Die Idee zu dieser Konferenz stammt aus der vielbeachteten Rede des französischen Präsidenten Emmanuel Macron im Schloss von Versailles vor drei Jahren. Er forderte nichts weniger als die Fähigkeit zur europäischen Souveränität in verschiedenen Politikbereichen, getragen vom Willen der Menschen in der EU. Es dauerte lange, bis sich die Regierungen einigen konnten, grünes Licht für das Experiment einer Europäischen Bürger-Konferenz zu geben.
Die Erwartungen an die Konferenz sind nach wie vor breit gestreut. Die einen hoffen auf den Durchbruch für ein europäisches Grundgesetz, die anderen wollen nur Bürger-Meinungen über aktuelle Politikthemen hören. Dieser Wettstreit wird noch spannend.

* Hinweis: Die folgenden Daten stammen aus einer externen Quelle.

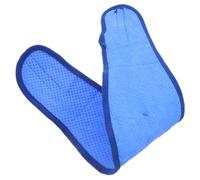 Kisangel Dog Cool Collar Pet Cooling Neck Wrap for Dogs Summer Bandana Style for Outdoor Walks and Hot Weather Comfort Random Style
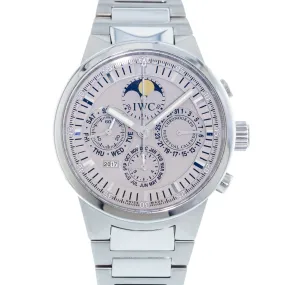 IWC GST Perpetual Calendar IW3756-07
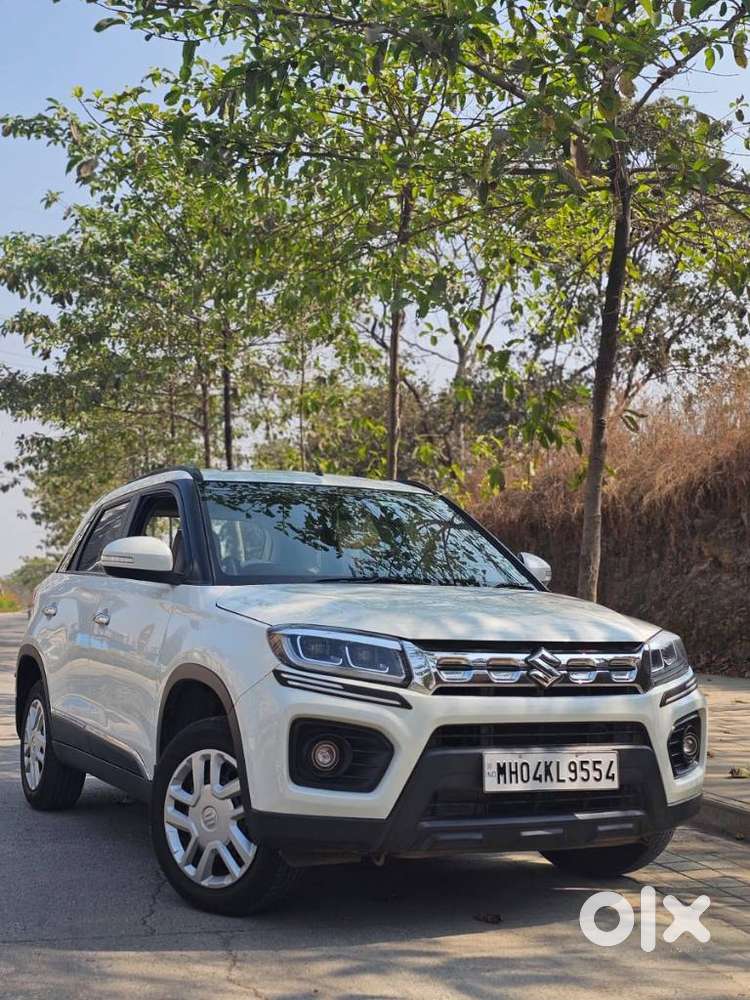 Maruti Suzuki Vitara Brezza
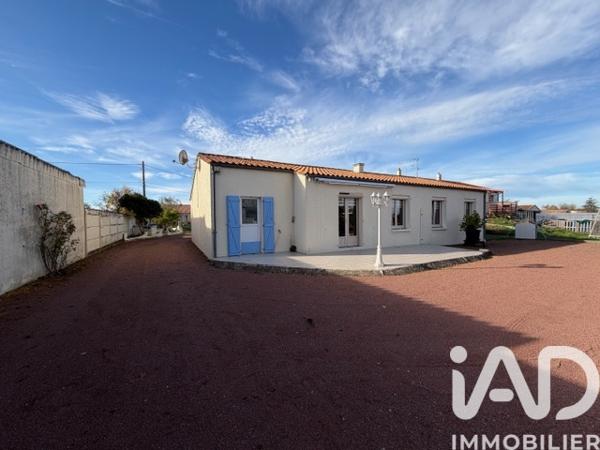 Maison à vendre 4 pièces 102 m² Sainte-Verge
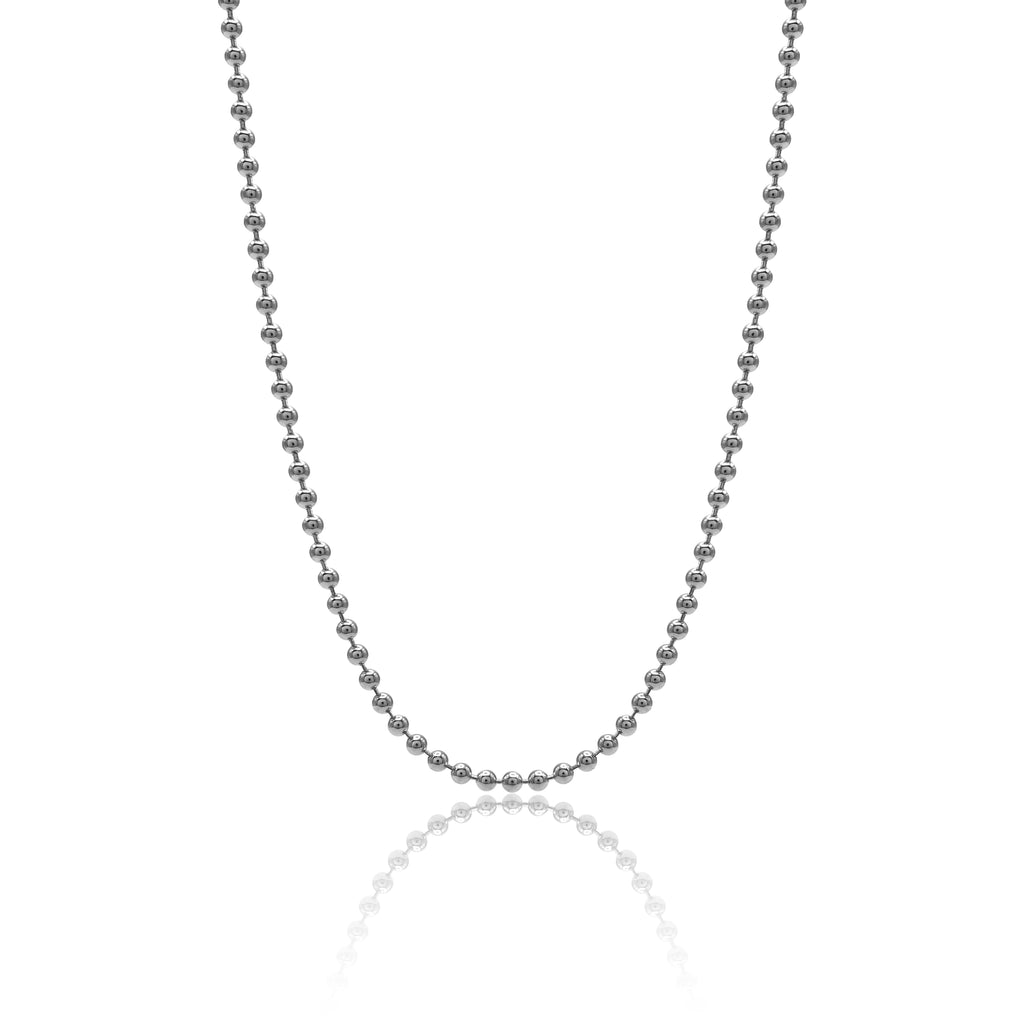 Catena Sfera 》Cadena Plata 925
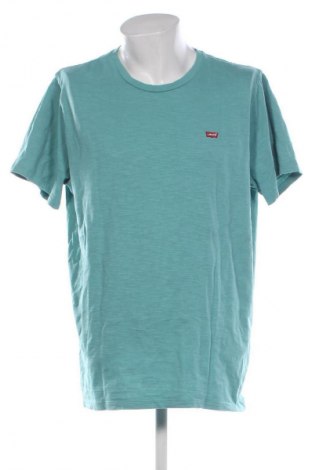 Herren Shirt Levi's, Größe XXL, Farbe Grün, Preis 17,99 €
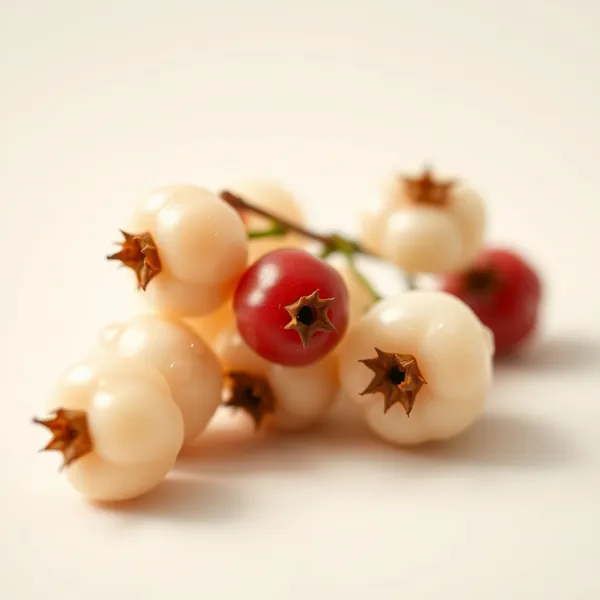 Pineberries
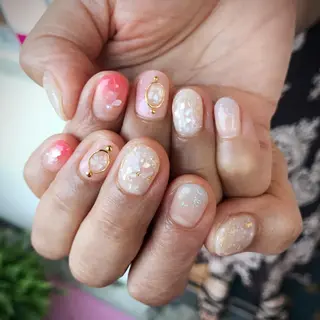 ネイル Viva!tip所属・Viva!tip ビバティップネイルのネイルデザイン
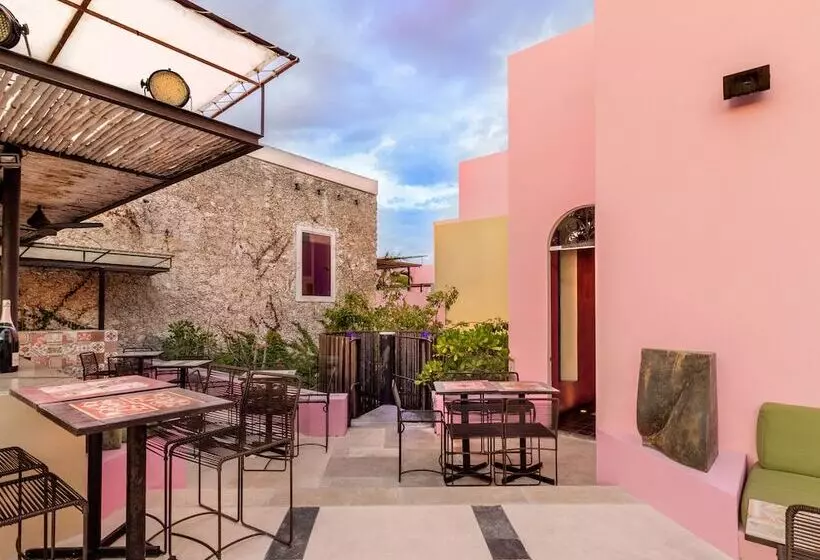 Rosas & Xocolate Boutique Hotel And Spa Merida, A Member Of Design Hotels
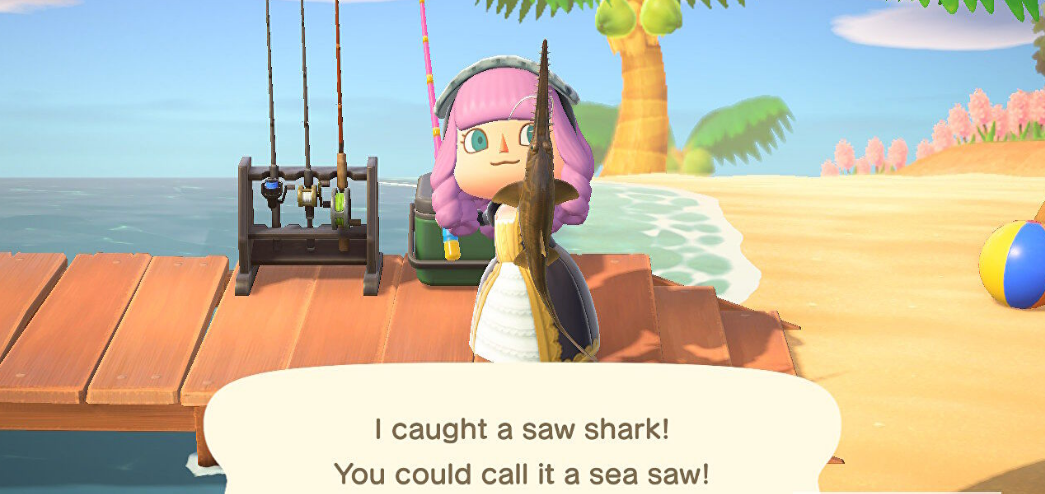 How to Catch Sharks in Animal Crossing: New Horizons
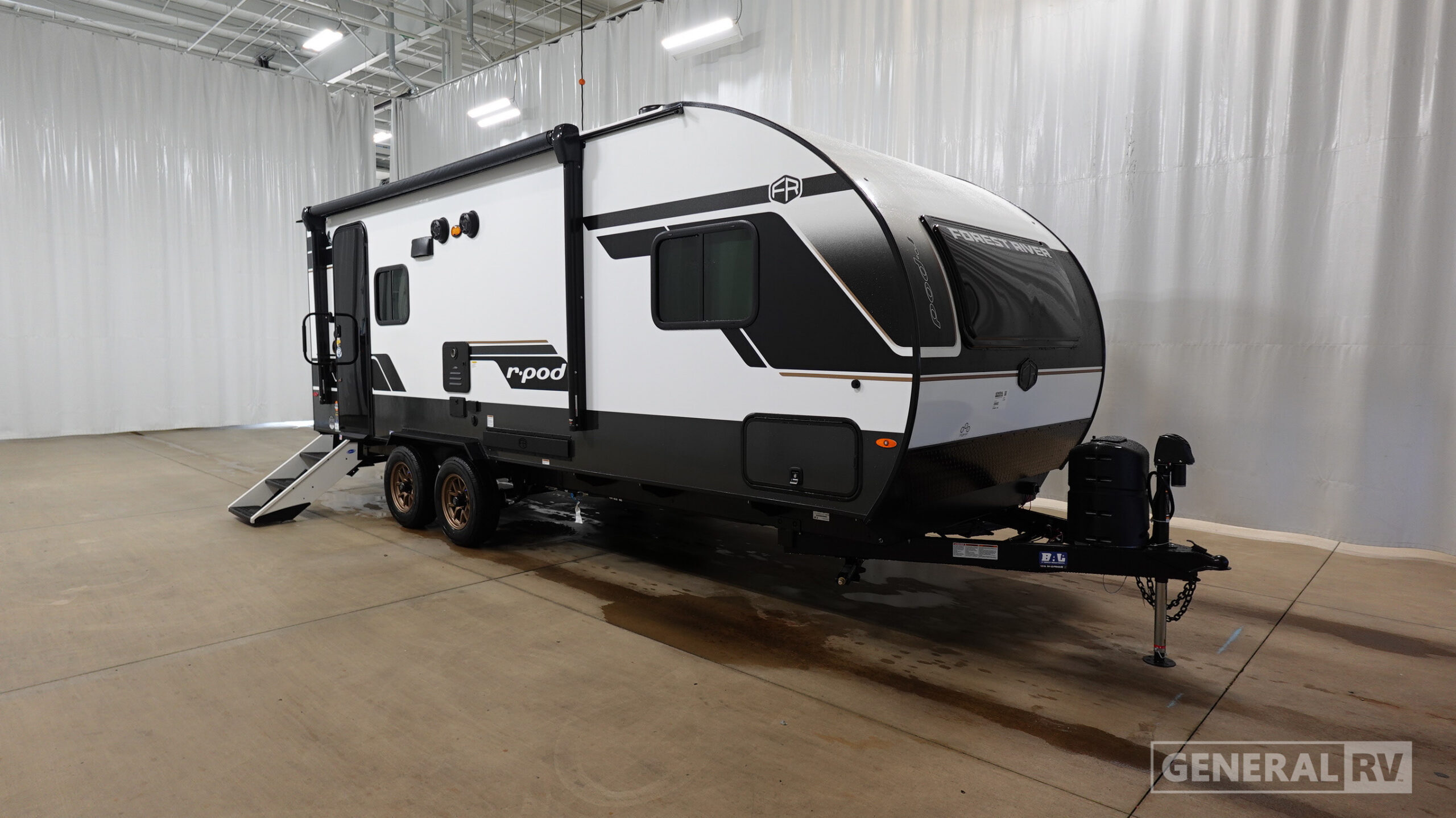 2027 Forest River R*POD RP-198 RV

Nach langem hin und her ist die Führung der Konferenz geregelt: Die drei Präsidenten der Europäischen Institutionen Parlament, Kommission und Rat werden gemeinsam und auch abwechselnd die Debatten leiten, die im Frühjahr 2022 mit konkreten Vorschlägen für den weiteren Kurs der EU enden soll.
Europa steht vor vielen Herausforderungen. Was muss geschehen, damit die EU in Krisen wie der Corona Pandemie widerstandsfähiger und leistungsfähiger wird? Was ist der europäische Weg im Umgang mit dem Internet, seinen Chancen und Gefahren? Wie kann Europa die wirtschaftliche Wettbewerbsfähigkeit mit der ökologischen Nachhaltigkeit verbinden? Was ist zu tun, um der Jugend in Europa eine exzellente Bildung und Ausbildung zu ermöglichen? Wie bewältigt der Kontinent den demografischen Wandel? Wie schützen wir unsere Werte und Interessen in einer teils feindlichen und chaotischen Welt? Neben den großen Themen gibt es eine Vielzahl von Alltagsproblemen mit Europabezug, die diskutiert werden müssen.
Neue Konturen für ein Europa der Bürger
Wie soll die Europäische Bürger-Konferenz ablaufen? Auf Online- und Offline-Plattformen sollen alle Menschen in der EU die Möglichkeit bekommen, ihre Ideen einzubringen. Ganz wichtig: Jeder kann in seiner Muttersprache schreiben und reden. Die Vorschläge werden von der Konferenzleitung gesichtet, kategorisiert und zur Diskussion gestellt. Neben der Wortmeldung einzelner Bürger und Bürgerinnen sollen zusätzlich Citizens Agoras gebildet werden. Nach dem Zufälligkeitsprinzip werden mehrere Hundert Menschen aus allen Teilen der EU zusammenkommen, um spezifische Themen zu debattieren und entsprechende Vorschläge an das Plenum der Konferenz zu machen.
Europa soll mehr denn je von unten nach oben aufgebaut werden. So ist der Wunsch, dass die Kommunen, die Städte und Regionen sich aktiv an dieser Bürger-Konferenz beteiligen. Bürgermeister, Kreistage oder Landesparlamente können für ihre Region öffentliche Veranstaltungen organisieren und die Vorschläge der Bevölkerung zur zukünftigen Gestaltung der EU in den Konferenzmodus einbringen. Es wird interessant sein zu sehen, ob besonders Grenzregionen wie Saar-Lor-Lux die Chance nutzen.
Alle Vorschläge werden im Plenum erörtert. Dort kommen Vertreterinnen und Vertreter der Nationalen Parlamente, des Europa-Parlaments, der Kommission und des Rates zusammen, wie auch der Zivilgesellschaft, um ein Manifest für die Zukunft der EU zu verabschieden. Der Kurs für dieses Jahrzehnt bis 2030 wird damit abgesteckt.
Mit 450 Millionen Einwohnern ist die EU zwar ein imposantes politisches Gebilde. Trotzdem sind wir nur etwa sieben Prozent der Weltbevölkerung. Unsere Art zu leben, ist in der Welt des 21. Jahrhunderts nur zu erhalten, wenn die Europäer eine gemeinsame Vorstellung von ihrer Zukunft haben. Wenn die Europäischen Bürger-Konferenzen einen solchen Konsens herstellen könnten, hätte sich dieses Experiment gelohnt!